Argentina: vivendo ainda no Plano Cavallo de estabilizada com paridade fixa entre o peso e o dólar, o principal parceiro do Brasil na América do Sul não aderiu ao conceito e Fernando De La Rua continua explicitamente a aderir ao conceito de AL, sem condições de abrigar a segunda reunião, em 2001 (ela foi organizada pelo Equador em 2002; a IIRSA definiu planos de integração física na América do Sul). As relações Brasil-Argentina sempre foram determinantes.

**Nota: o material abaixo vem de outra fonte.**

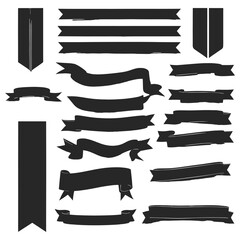 Banner ribbon set silhouette vector black shape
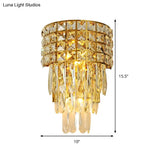 Modern Gold Triangular Crystal Wall Lamp With 3 Lights
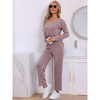 cheibear Women's Ribbed Knit Lounge Long Sleeve Sleepwear with Pants Pajama Set 2 Pcs - image 2 of 4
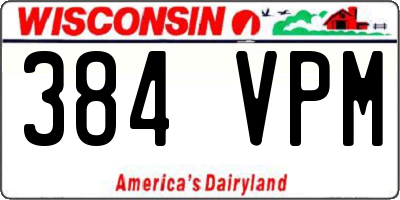 WI license plate 384VPM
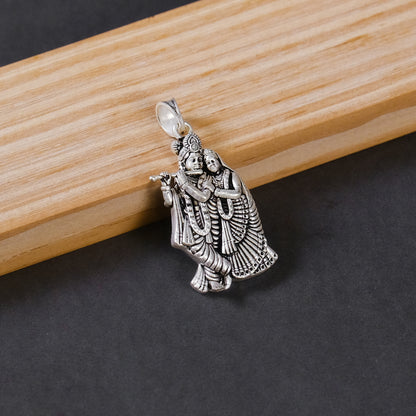Silver Radha Krishna Pendant in Silver | 6.84 g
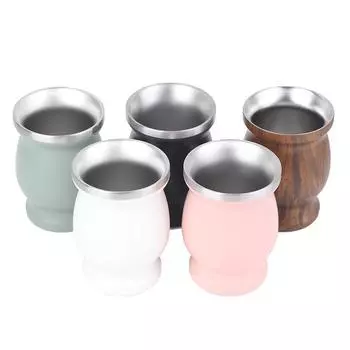 Чашка Yerba Mate из нержавеющей стали 304, аргентинская тыква Yerba Mate на 8 унций с бомбильями розовый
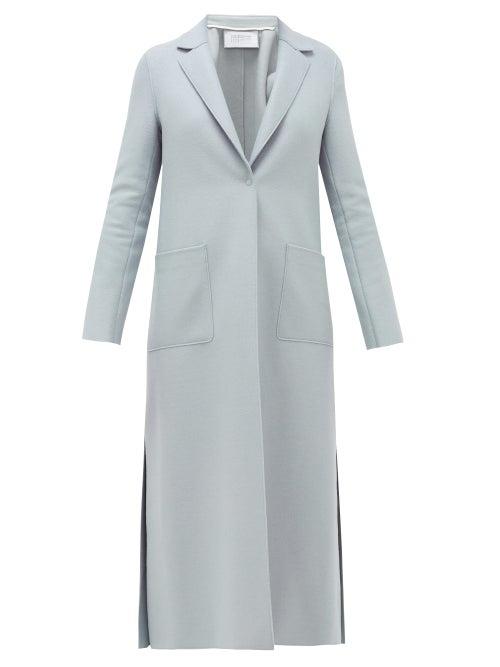 Matchesfashion.com Harris Wharf London - Side-split Single-breasted Felted-wool Coat - Womens - Light Blue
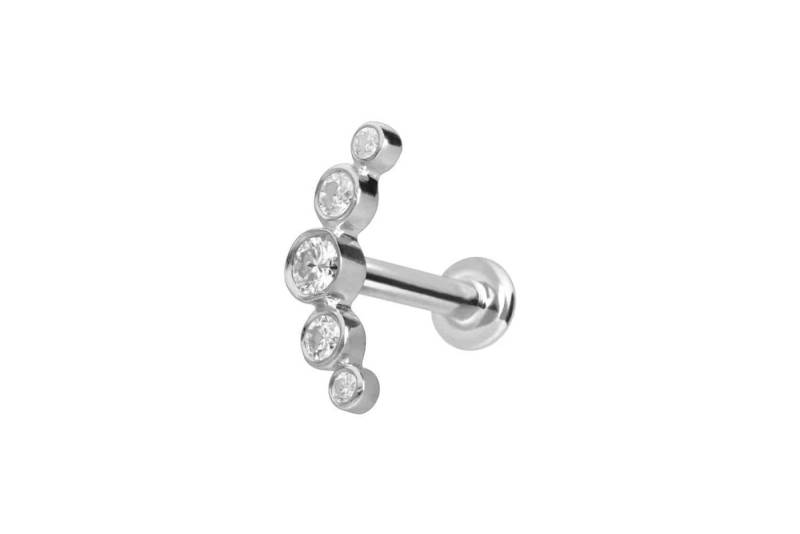 PIERCINGLINE Piercing-Set 14 Karat Gold Labret mit Push Fit MOISSANIT-BOGEN (Labrets, 1-tlg) von PIERCINGLINE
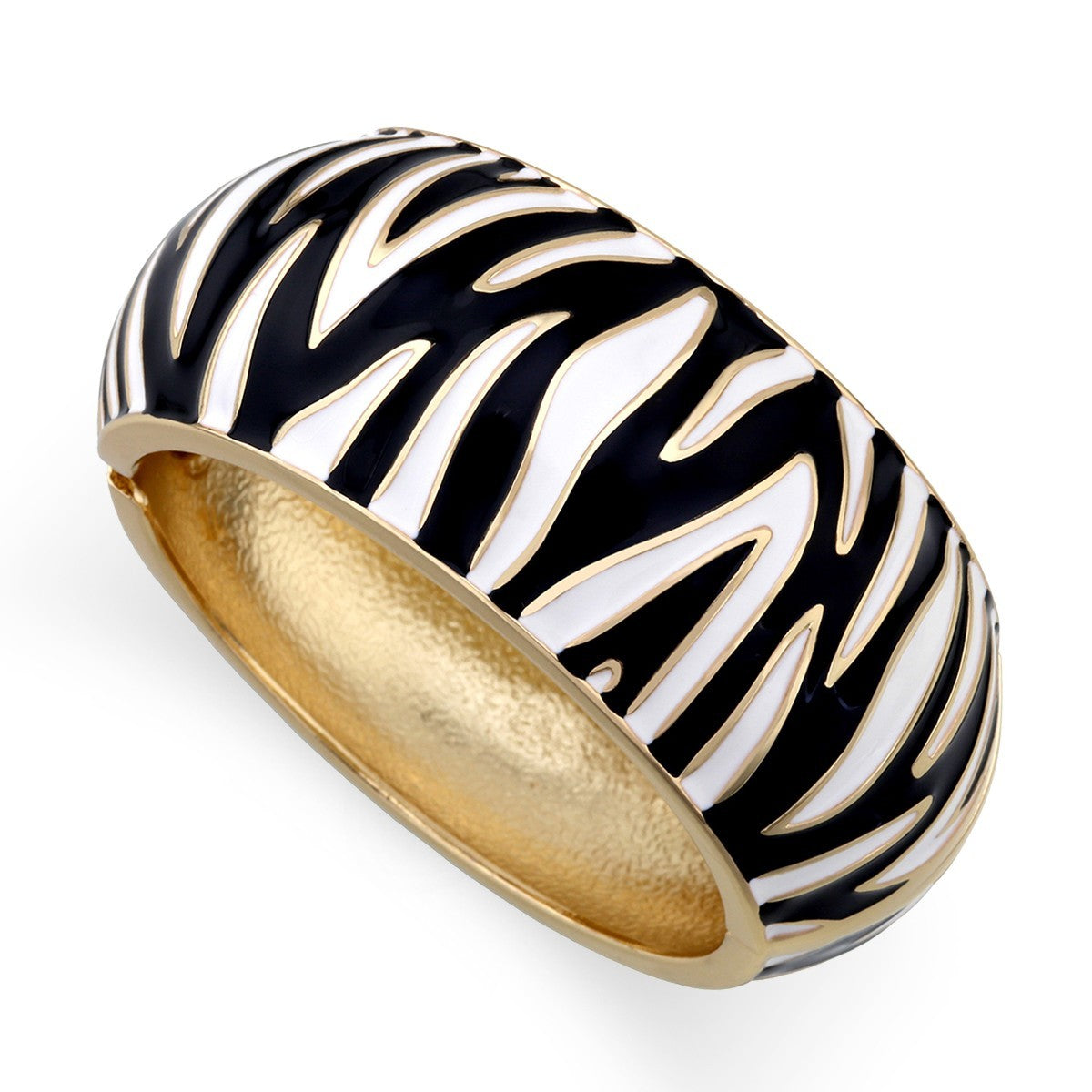 Zebra Stripe Enamel Bangle Bracelet Gold Tone Black White Wide Statement Jewelry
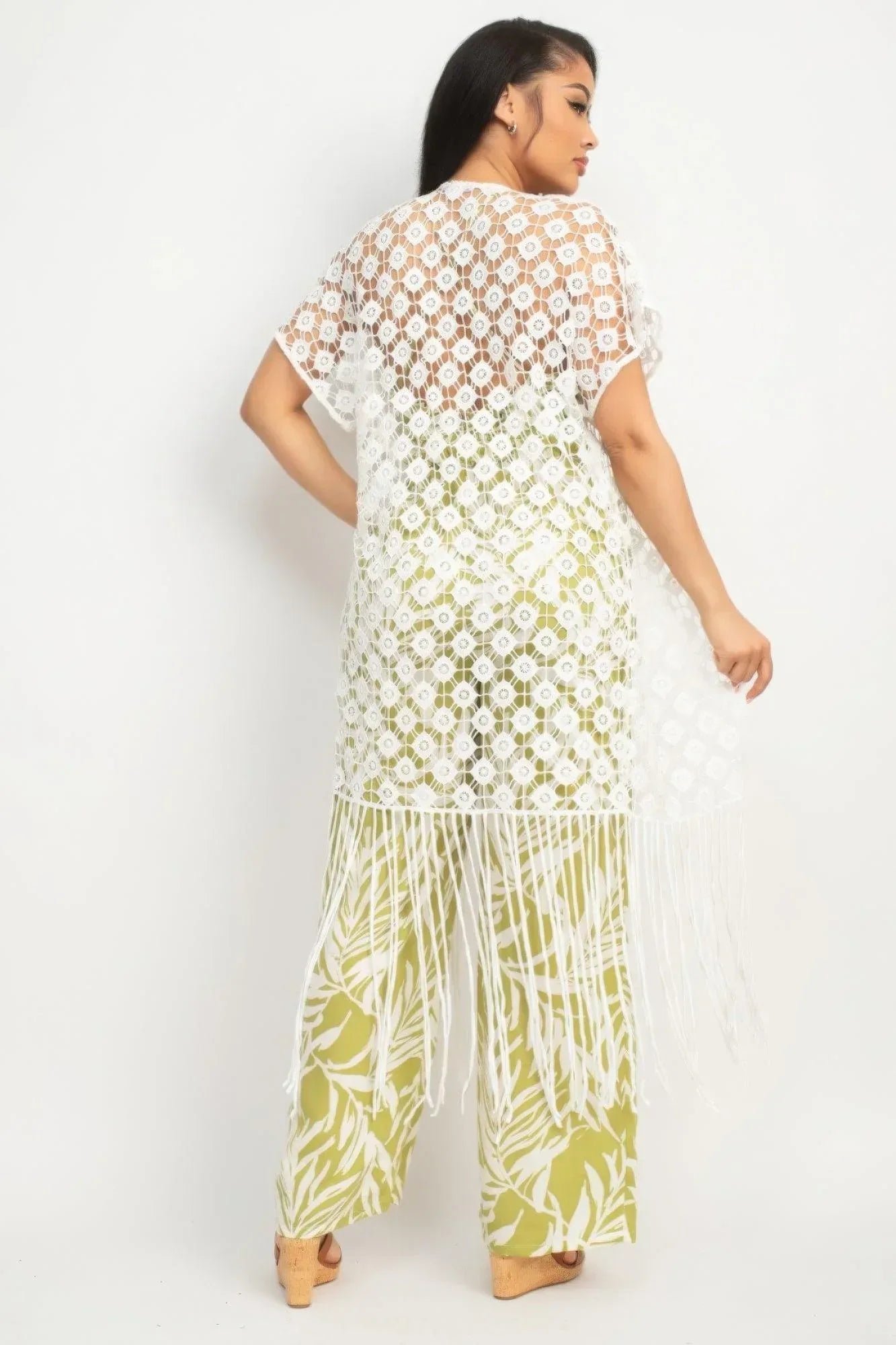 Crocheted Open-front Fringe Kimono | Mixtshop LLC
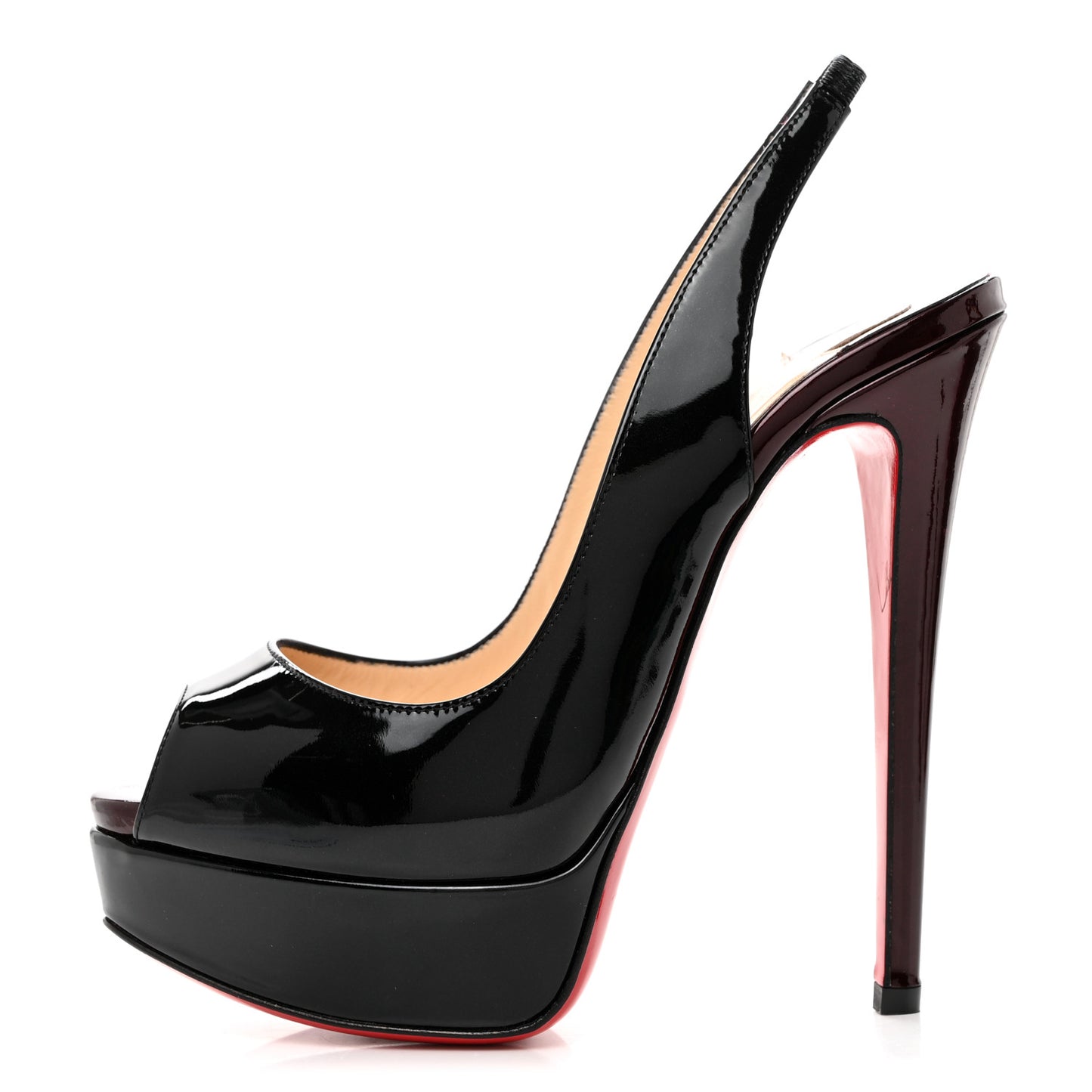 Patent Lady Peep Sling 150 Pumps 35.5 Black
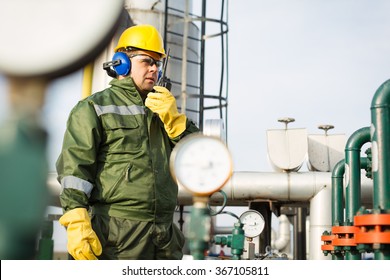 Worker produce oil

Mercosul: Concebido idealisticamente a partir do momento em que a Comunidade Europeia avança para o Mercado Unificado (1986-1992) e em que os EUA passam do acordo de livre comércio com o Canadá (1986-87) para o projeto do Nafta, unindo o México a um abrangente acordo de livre comércio da América do Norte, o projeto do Mercosul começa com o PICE, Programa de Integração e Cooperação Econômica, entre Brasil e Argentina, em 1986, sob Alfonsin e Sarney, continua com o Tratado de Integração, ainda bilateral, de 1988, já prevendo um Mercado Comum do Sul (Mercosul), em 10 anos, com base em duas dúzias de protocolos setoriais, e ingressa num processo de aceleração e automatização (sem mais protocolos setoriais) da liberalização comercial geral a partir da Ata de Buenos Aires (julho de 1990), quando se reduz o prazo de formação do mercado comum à metade do tempo. Esse processo deslancha o interesse de outros países, e os primeiros a serem aceitos, nas mesmas bases, são Uruguai e Paraguay; daí resulta o Tratado de Assunção de 1991, que nada mais é do que a Ata de Buenos Aires quadrilateral; Bolívia e Chile se tornam dois países associados ao Mercosul.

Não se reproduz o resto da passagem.